_Activity_
Omit the pictures. Transcribe exactly the lines below, from the one with "How woocommerce product category?" up to and including the last.

_Records provided_

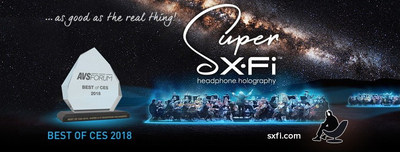 AVS Forums Best of CES 2018 Award With Super X-Fi Logo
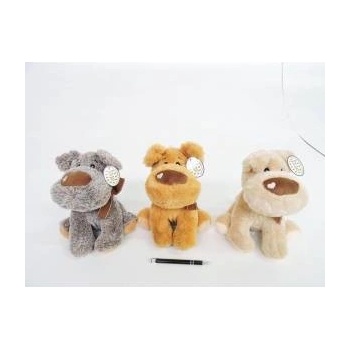 SUN-DAY AST. PLUSZ PIES 23 cm, with a bow, 3 colors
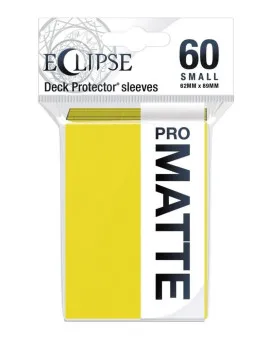 Ultra Pro Matte Eclipse Small Desk Protector Sleeves 60 - Lemon Yellow 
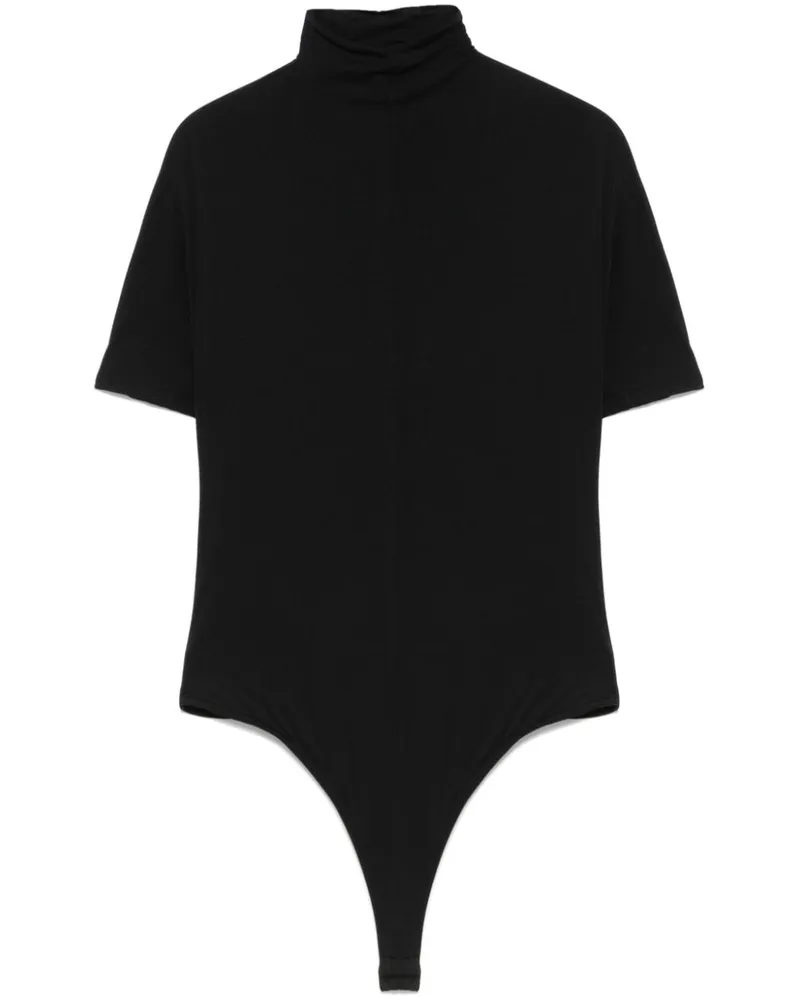 WARDROBE.NYC Kurzärmeliger Body - Schwarz Schwarz
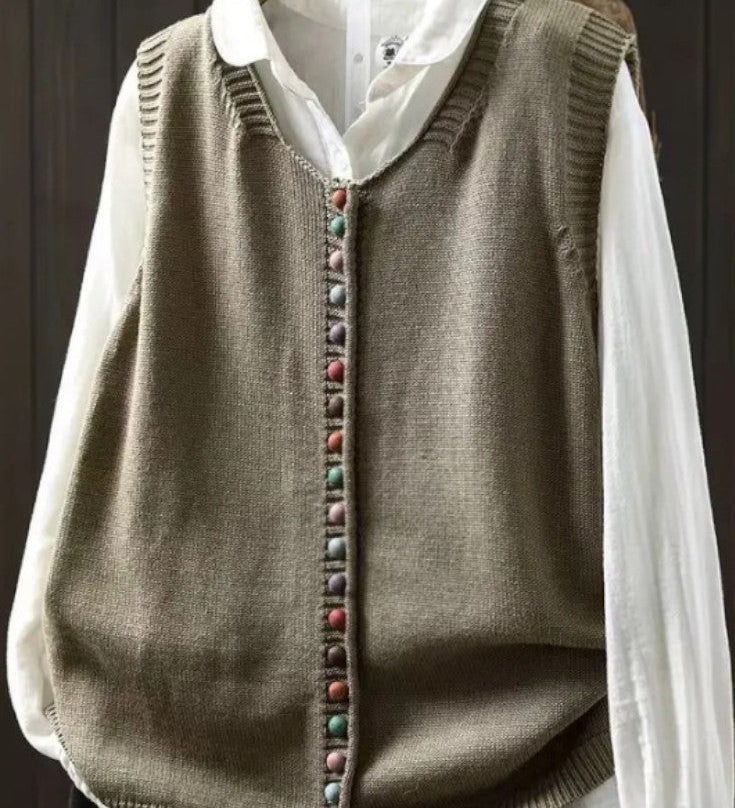 Karmen™ | Gilet Lavorato Elegante
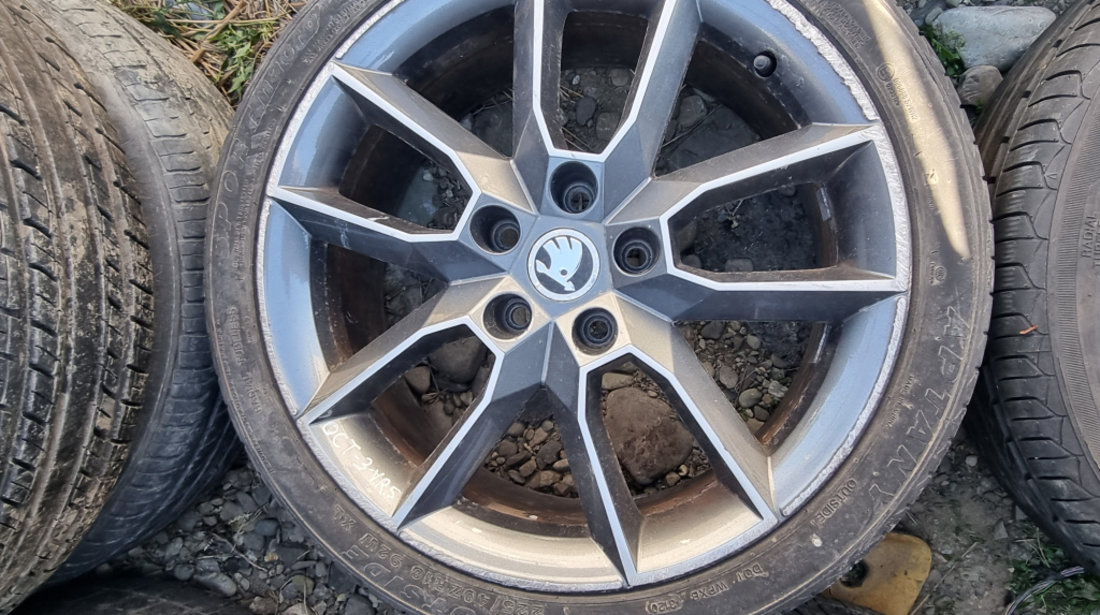 Jante 18 - 5 prezoane Skoda Octavia 3 2015, 225/40R18 / VRS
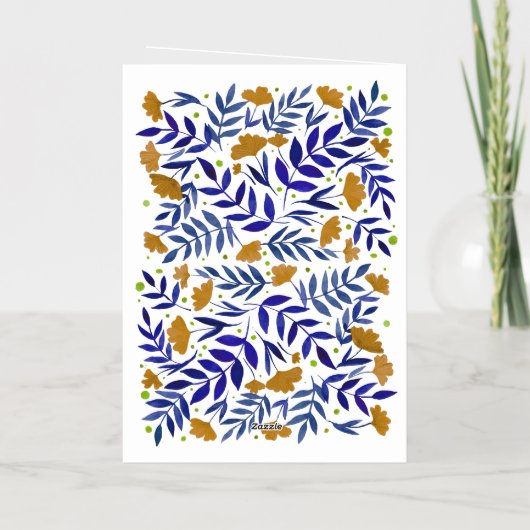 母最高の魔法の黄色い庭の母の日 箔シーズンカード (裏面)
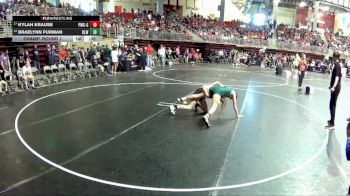 113 lbs Champ. Round 1 - Kylah Krause, Palmyra Wrestling Club - Girls vs Braelynn Furman, O`Neill Leprechaun Wrestling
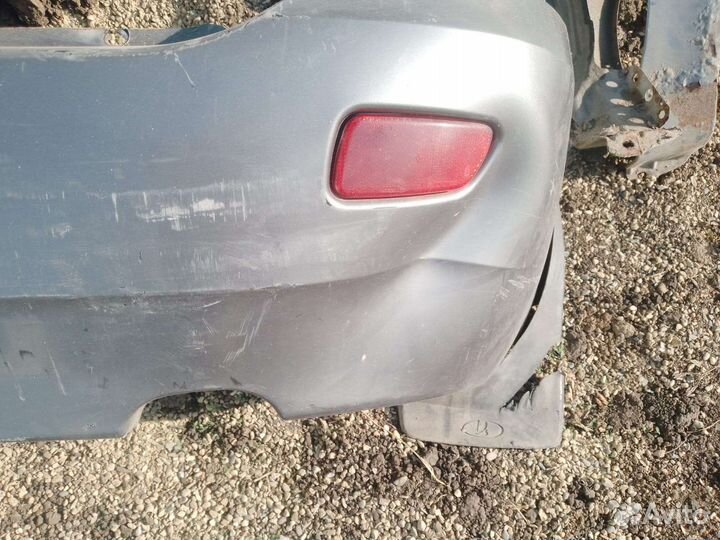 Задний бампер на LADA Kalina, 650 цвета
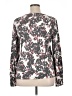 Tahari Silver Long Sleeve Blouse Size XL - photo 2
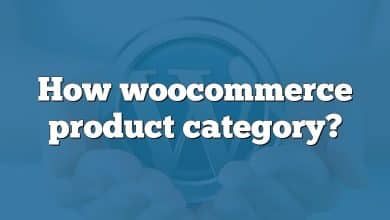 How woocommerce product category?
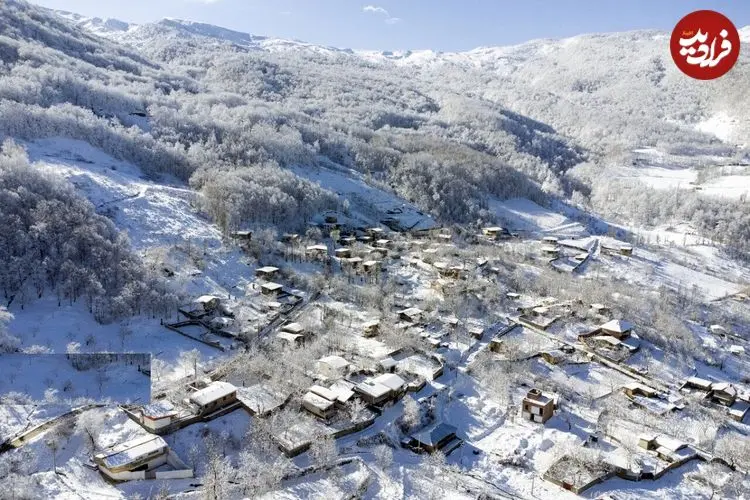 تصاویر؛ برف جای آتش را گرفت؛ «الیت» سفیدپوش شد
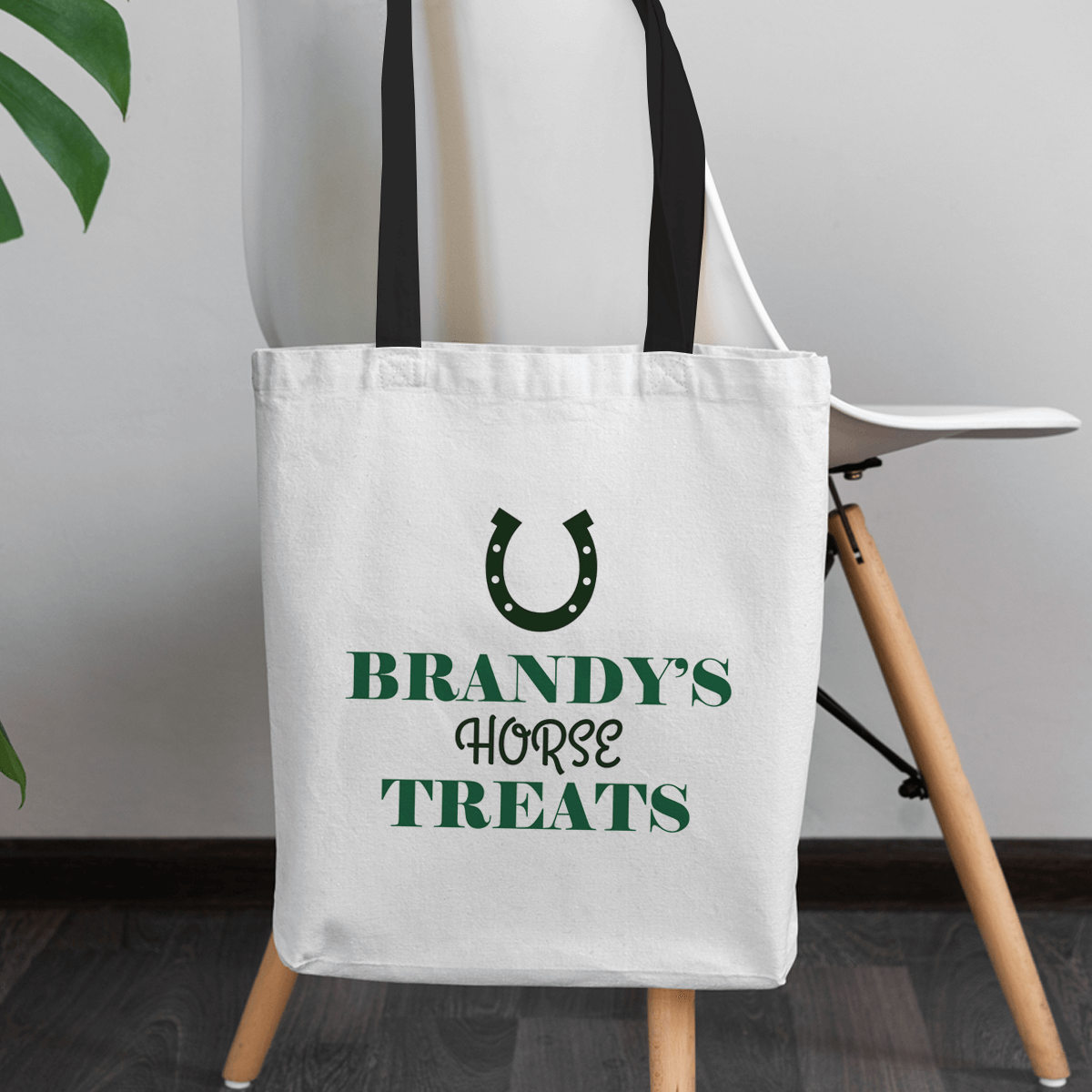 personalised Horse Treats Canvas Tote Bag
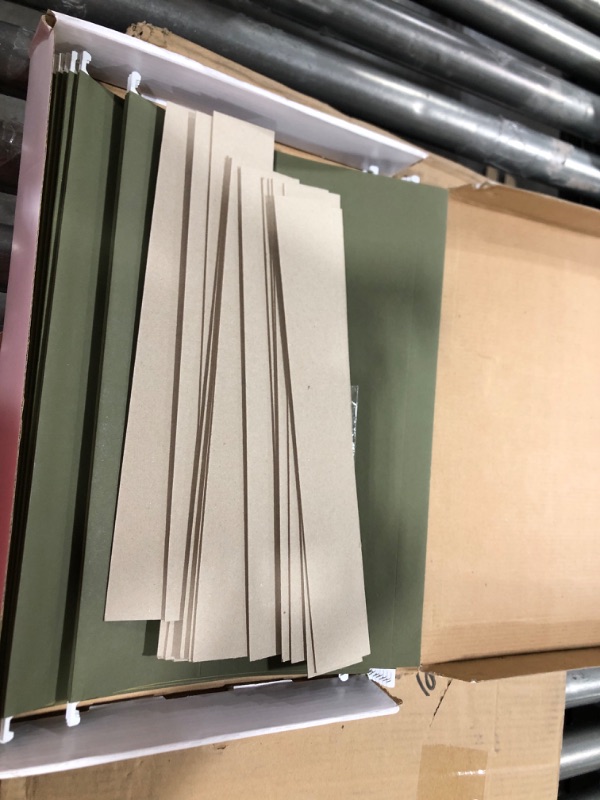 Photo 2 of Blue Summit Supplies Extra Capacity Hanging File Folders, 9 x 14 Legal Size, Heavy Duty, 2 Inch Expansion Filing Folders, 1/5 Tab, for Bulky Files, Legal Charts, Standard Green, 25 Pack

_Response to this exercise_
 How woocommerce product category?
 تصاویر؛ برف جای آتش را گرفت؛ «الیت» سفیدپوش شد
 personalised Horse Treats Canvas Tote Bag
 Photo 2 of Blue Summit Supplies Extra Capacity Hanging File Folders, 9 x 14 Legal Size, Heavy Duty, 2 Inch Expansion Filing Folders, 1/5 Tab, for Bulky Files, Legal Charts, Standard Green, 25 Pack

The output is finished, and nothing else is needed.